With large families, a deep love of Israel and the Jewish people, simultaneous dedication to our faith and engagement with the broader world, dietary restrictions and modest dress, and being misunderstood (even by our coreligionists), Orthodox Jews surprisingly have much in common with one of the fastest growing religions in the United States – the Church of Latter Day Saints (LDS), colloquially known as the Mormons.
I would like to share reflections on last week’s meetings, coordinated by the Orthodox Union’s Advocacy Center, with the church and its political leadership in Salt Lake City, Utah.
There are fourteen million Mormons worldwide. There are fourteen million Jews worldwide. Six million members of each faith live in the U.S., three million of whom are centered in one particular geographical area (the East Coast and Mountain states respectively).
We both believe we are descended from the twelve tribes of Israel. Around the age of thirteen, Mormons receive a personalized Patriarchal Blessing that they consider their life’s mission statement.
Like us, Mormons send their children away after high school for one or two years to experience spiritual growth, are committed to giving ten percent of their earnings to charity, and permit abortion when the mother’s life is endangered.
Like us, the Mormons have Thirteen Articles of Faith (though we of course do not subscribe to most of them). Mormons call their homeland (Utah) Zion, consider their Temple holy ground, and only allow people who are pure in their eyes to enter it.
Mormons were persecuted and killed, but are quick to point out that the persecutions of the Jews are unparalleled.
Mormons are disproportionately represented in many walks of life, including the U.S. Senate and House of Representatives. Senate Majority Leader Harry Reid and 2012 presidential candidates Mitt Romney and Jon Huntsman are members of the LDS. The founders of Marriott Hotels and JetBlue, as well an increasing number of high-level lawyers and bankers, are Mormon.
To be clear, there are certainly differences between the two religions. The Mormons respect these differences. To address just one of the misconceptions many people have, bigamy has been strictly prohibited for over 140 years by the LDS and is only practiced by some splinter groups.
Though we both are dedicated to inspiring our co-religionists with our faith, Mormons do this in many countries even with non-Christians. They do separate their humanitarian and religious arms, so people understand that the aid to underprivileged people throughout the world does not come with any strings attached.
Most of us associate the Mormon church with two “parshiyot” – the construction of the Mormon Center facing the Old City of Jerusalem in the 1980s and the posthumous baptism of Holocaust survivors in the 1990s. In fact, the church uses its Mt. Scopus facility to inspire its own members with a love of Israel and is committed to not proselytizing in Israel. And the church also forbade these posthumous baptisms.

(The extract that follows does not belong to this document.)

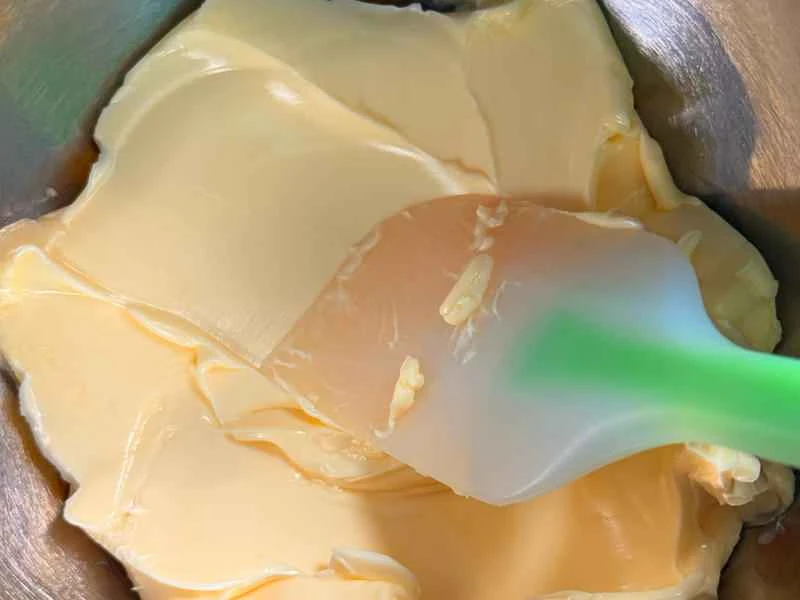 How to make pure milk hand-torn toast: Step 1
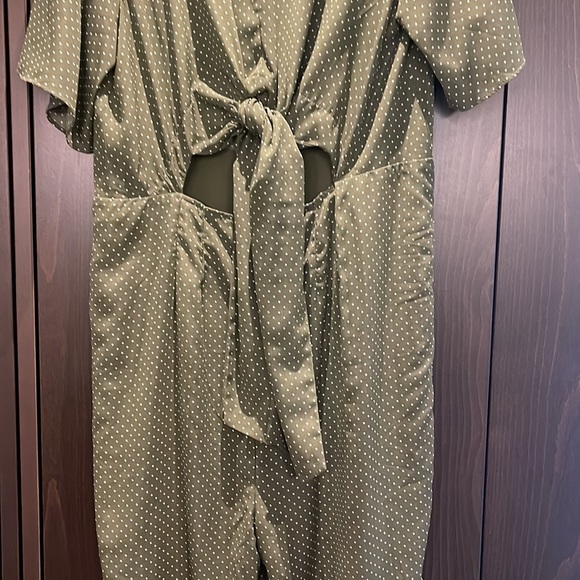 GORGEOUS TALL relaxed jumpsuit with tie front in a green with polka dots in US14 - Picture 5 of 10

LDS is governed by a president (and his two counselors), twelve apostles, and two groups of seventy elders. We met with two of the apostles and one of the elders. They provided and ate kosher food with us and offered to drive us to minyan at the Chabad of Utah. Neither they nor we brought up matters of theology. We spoke exclusively about issues of common cause such as the increasing secularization of American society, legislation, and how to keep our youth in our respective folds.
We met with Utah’s senators – veteran Republican Orrin Hatch and Tea Party freshman Mike Lee – as well as Lieutenant Governor Greg Bell. Each of them deeply shares our concerns for guaranteeing religious liberties (e.g. not forcing religious institutions to provide benefits that are not in keeping with their beliefs), maximizing constitutionally-appropriate funding and tax breaks for religious institutions, and not pressuring Israel to make dangerous concessions in the name of peace.
I learned that the Mormons have great respect for Jews and the state of Israel and truly want to help us. We should work toward building bridges to the LDS in our local areas, as these people share many of our values, ideals and concerns, and essentially are our allies.
Nathan Diament (executive director of public policy) and Maury Litwack (director of state political affairs and outreach) of the OU’s Advocacy Center masterfully organized this important mission. Together with my fellow mission participants, Rabbis Lenny Matanky of Chicago, Shalom Baum of Teaneck and Pace Cooper of Memphis, I am indebted to these extremely talented professionals for letting us help them build bridges with an important group of Americans with whom we have so much in common.